Question

A light ray enters from medium 1 to medium 2. Its velocity in medium 1 is \( 2 \times 10^{8} \) m/s and in medium 2 is \( 1.5 \times 10^{8} \) m/s. The critical angle for the pair of media is:

• A. \(\sin^{-1}(0.75)\)
• B. \(\sin^{-1}(0.5)\)
• C. \(\sin^{-1}(0.66)\)
• D. \(\sin^{-1}(0.8)\)
• E.

Hint:

To avoid confusion about which velocity goes on top, remember that \(\sin \theta\) can never be greater than 1. Therefore, in the ratio of velocities, the smaller velocity must always be in the numerator.

Answer 1

The Correct Option is A

Step 1: Understanding the Concept
The critical angle (\(\theta_c\)) is the angle of incidence in a denser medium for which the angle of refraction in the rarer medium is 90°. For total internal reflection or critical angle to exist, light must travel from a denser medium (lower velocity) to a rarer medium (higher velocity).
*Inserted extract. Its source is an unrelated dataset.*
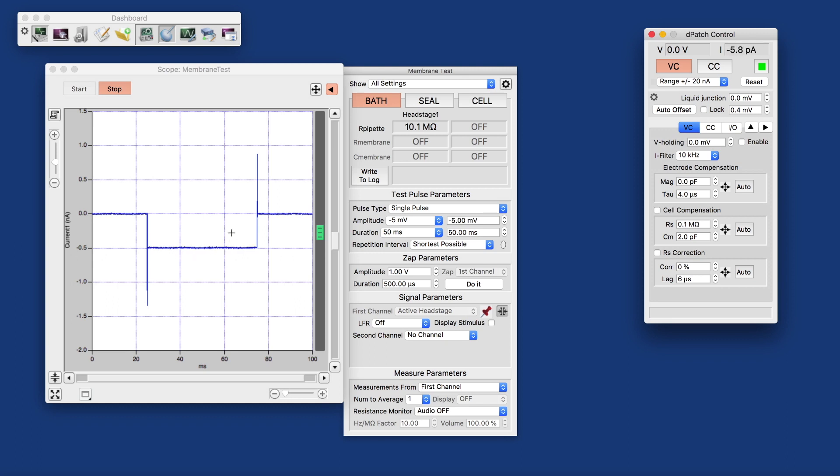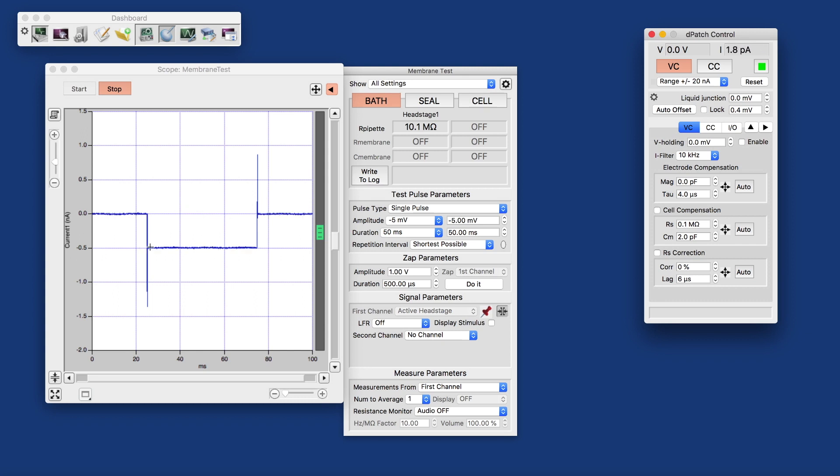We have a model cell connected, switched to the bath position. That means we're simulating a 10-megohm pipette being in the bath. And since we don't have a Faraday cage here, we see a little bit of line frequency hum here. We'll deal with that later.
Step 2: Key Formula or Approach
1. Refractive index \(n = \frac{c}{v}\).
2. \(\sin \theta_c = \frac{n_{rarer}}{n_{denser}} = \frac{v_{denser}}{v_{rarer}}\).

Step 3: Detailed Explanation
1. Identify Media: - Velocity in medium 1 (\(v_1\)) = \(2 \times 10^8\) m/s (Rarer medium). - Velocity in medium 2 (\(v_2\)) = \(1.5 \times 10^8\) m/s (Denser medium).
2. Apply Formula: To find the critical angle, the ray must originate in medium 2. \[ \sin \theta_c = \frac{v_{denser}}{v_{rarer}} = \frac{v_2}{v_1} \] \[ \sin \theta_c = \frac{1.5 \times 10^8}{2 \times 10^8} = \frac{1.5}{2} = 0.75 \]
3. Final Calculation: \[ \theta_c = \sin^{-1}(0.75) \]

Step 4: Final Answer
The critical angle is \(\sin^{-1}(0.75)\).